--- Problem description ---
Take the entries below and reproduce exactly the portion that begins at the line containing "En av utställningens" and ends at the line containing "Šéf Kremlu Vladimir", keeping both ends, dropping pictures, and adding nothing else.

--- Available records ---
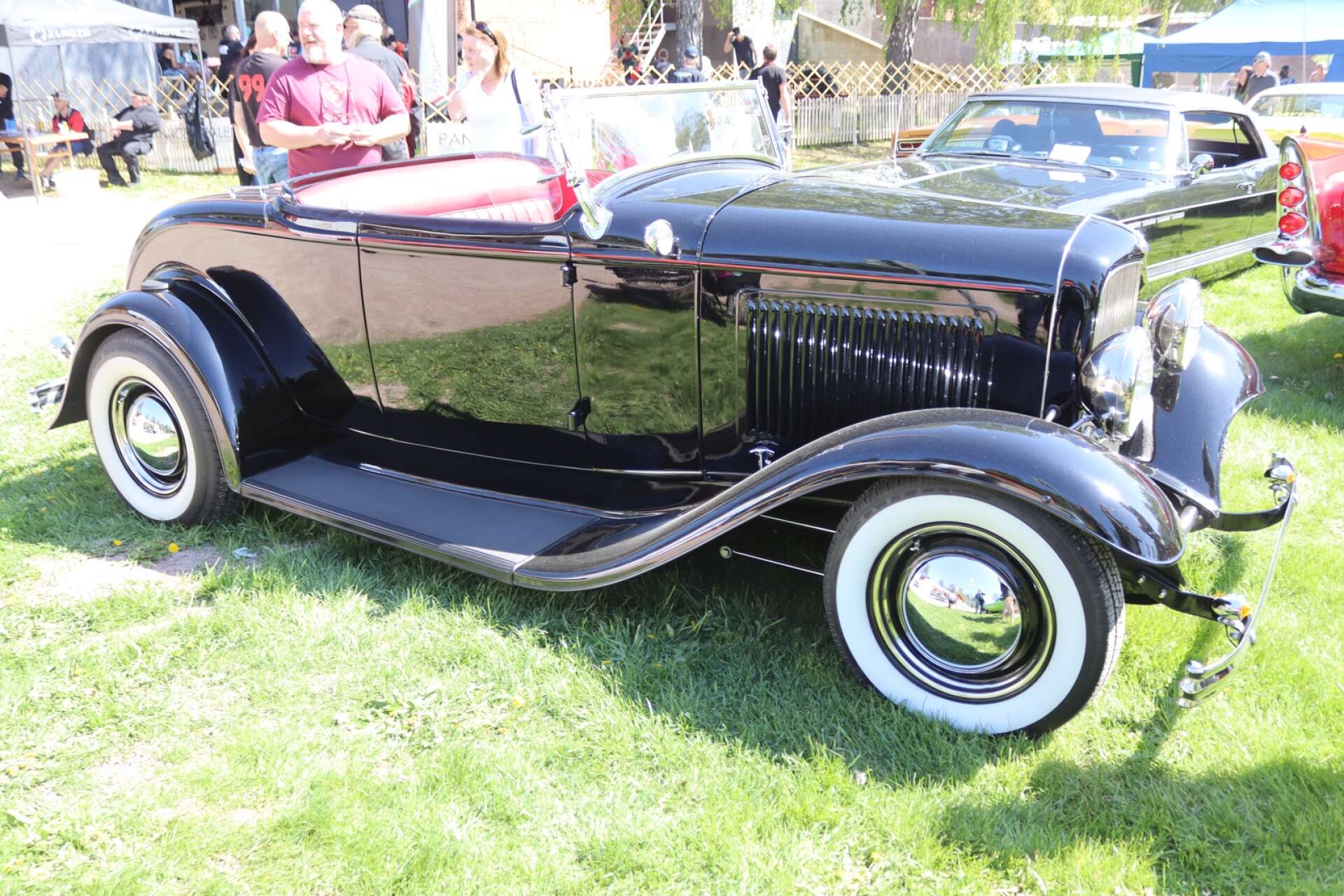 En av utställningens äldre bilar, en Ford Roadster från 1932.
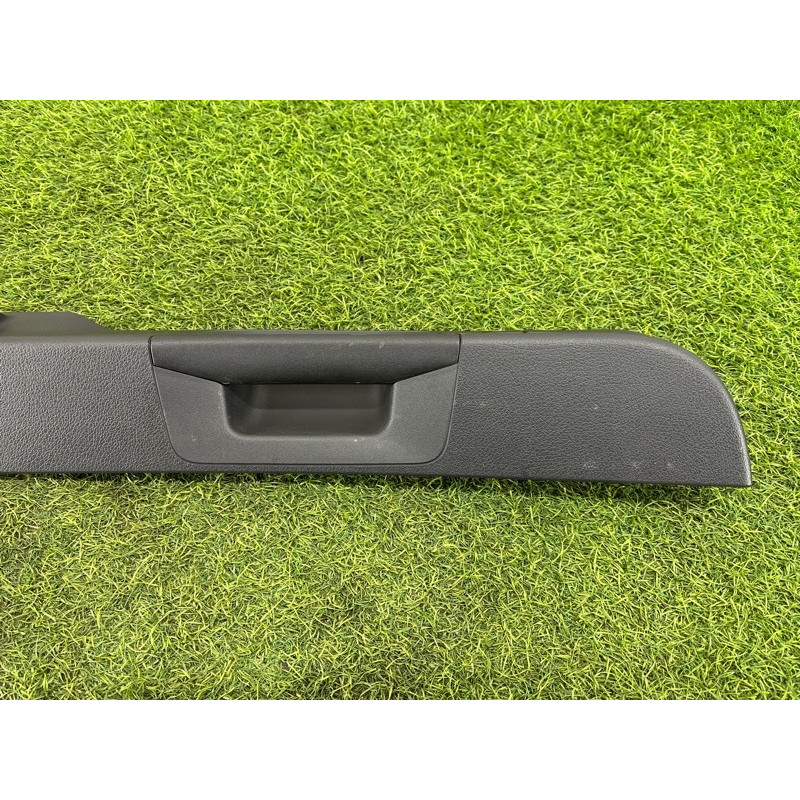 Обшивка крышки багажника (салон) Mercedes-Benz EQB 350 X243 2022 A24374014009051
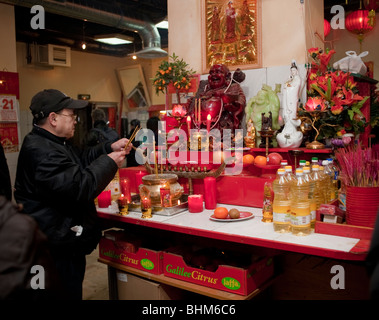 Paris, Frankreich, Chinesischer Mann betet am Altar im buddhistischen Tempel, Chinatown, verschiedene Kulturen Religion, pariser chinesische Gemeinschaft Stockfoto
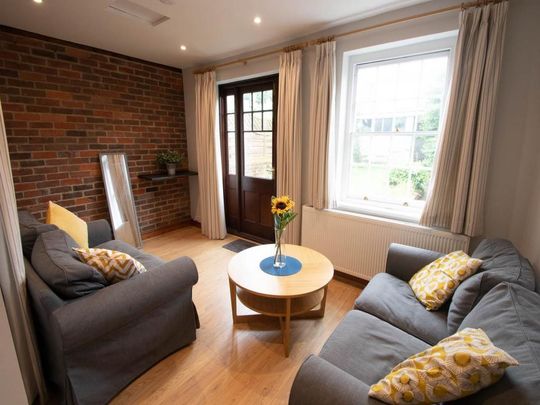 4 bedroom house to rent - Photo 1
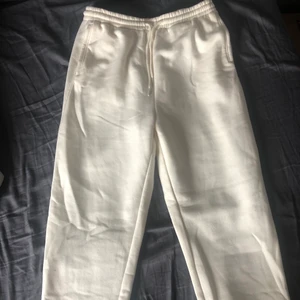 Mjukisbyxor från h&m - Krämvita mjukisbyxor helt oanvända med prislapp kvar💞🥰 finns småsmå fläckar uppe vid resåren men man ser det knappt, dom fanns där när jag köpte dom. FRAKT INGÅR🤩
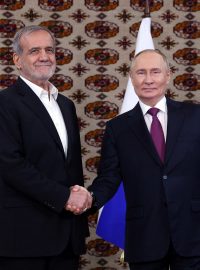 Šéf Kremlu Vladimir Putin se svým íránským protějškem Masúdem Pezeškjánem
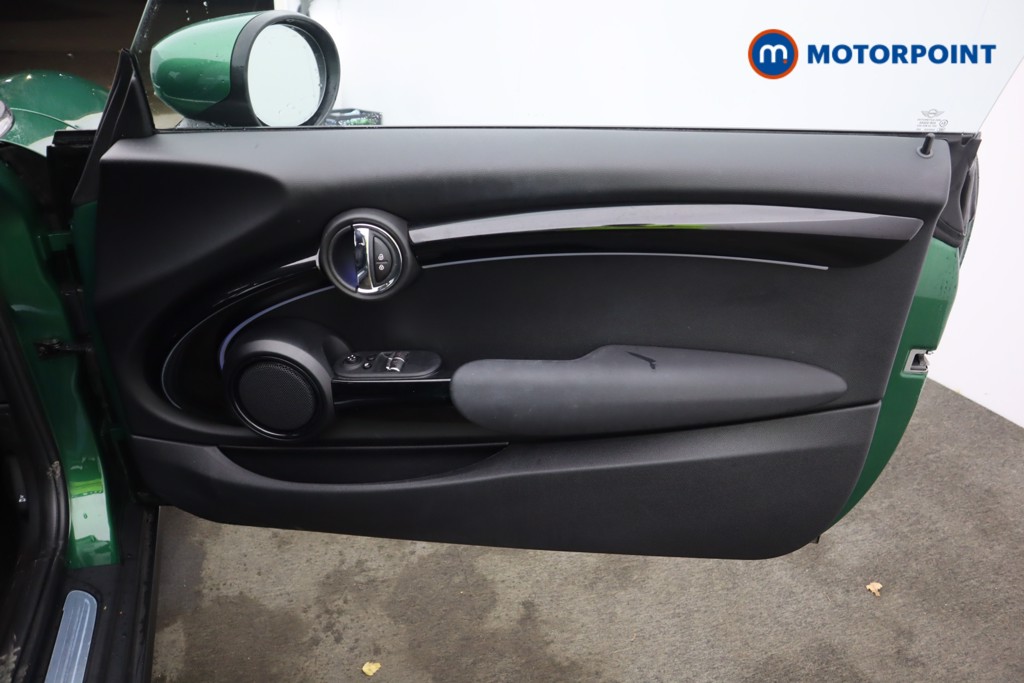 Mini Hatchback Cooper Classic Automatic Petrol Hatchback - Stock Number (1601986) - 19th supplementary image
...
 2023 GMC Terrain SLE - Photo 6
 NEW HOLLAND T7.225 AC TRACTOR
--
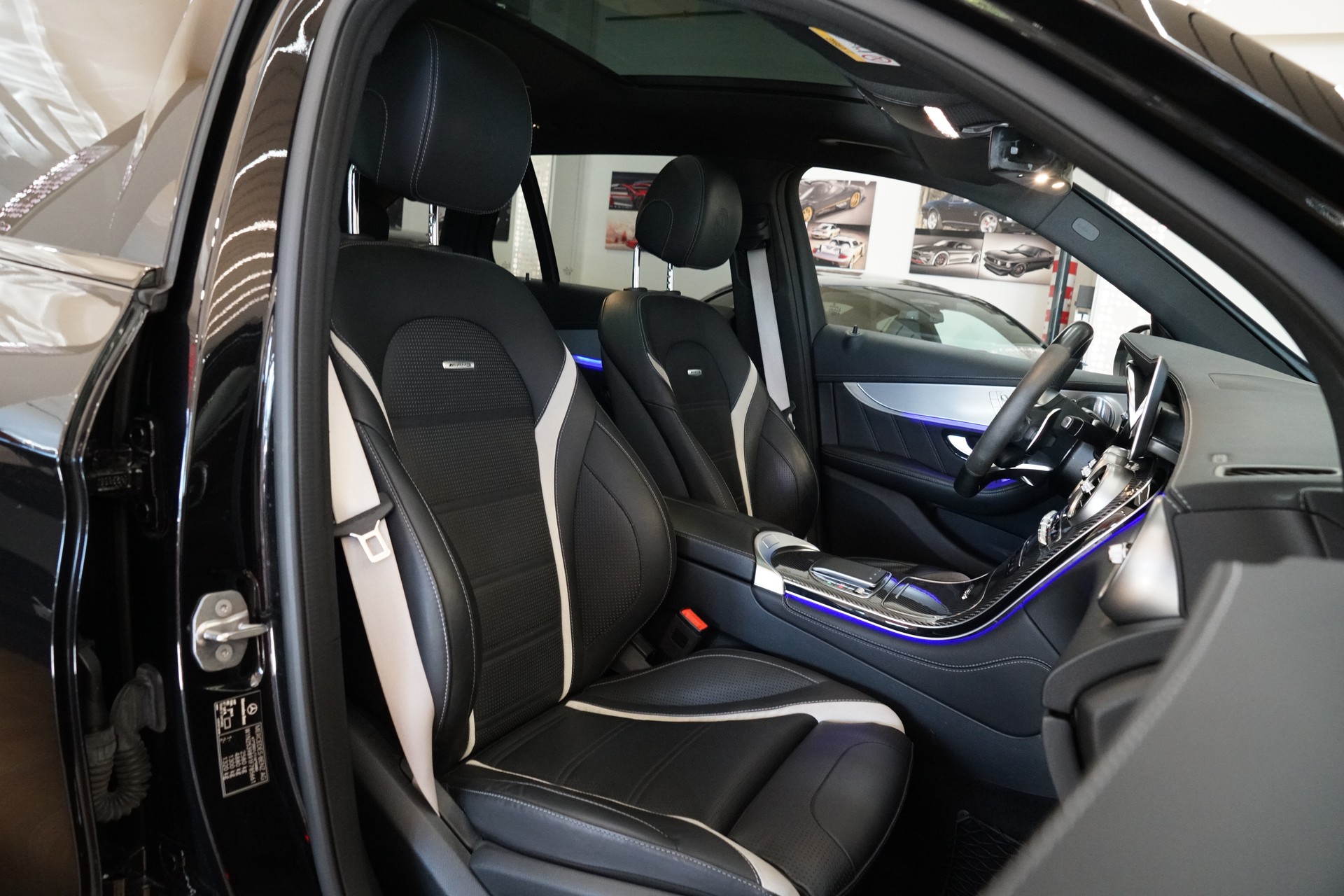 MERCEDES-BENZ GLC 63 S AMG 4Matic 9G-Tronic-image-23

--- Solution for this task ---
 En av utställningens äldre bilar, en Ford Roadster från 1932.
 Обшивка крышки багажника (салон) Mercedes-Benz EQB 350 X243 2022 A24374014009051
 Paris, Frankreich, Chinesischer Mann betet am Altar im buddhistischen Tempel, Chinatown, verschiedene Kulturen Religion, pariser chinesische Gemeinschaft Stockfoto
 4 bedroom house to rent - Photo 1
 Mjukisbyxor från h&m - Krämvita mjukisbyxor helt oanvända med prislapp kvar💞🥰 finns småsmå fläckar uppe vid resåren men man ser det knappt, dom fanns där när jag köpte dom. FRAKT INGÅR🤩
 Šéf Kremlu Vladimir Putin se svým íránským protějškem Masúdem Pezeškjánem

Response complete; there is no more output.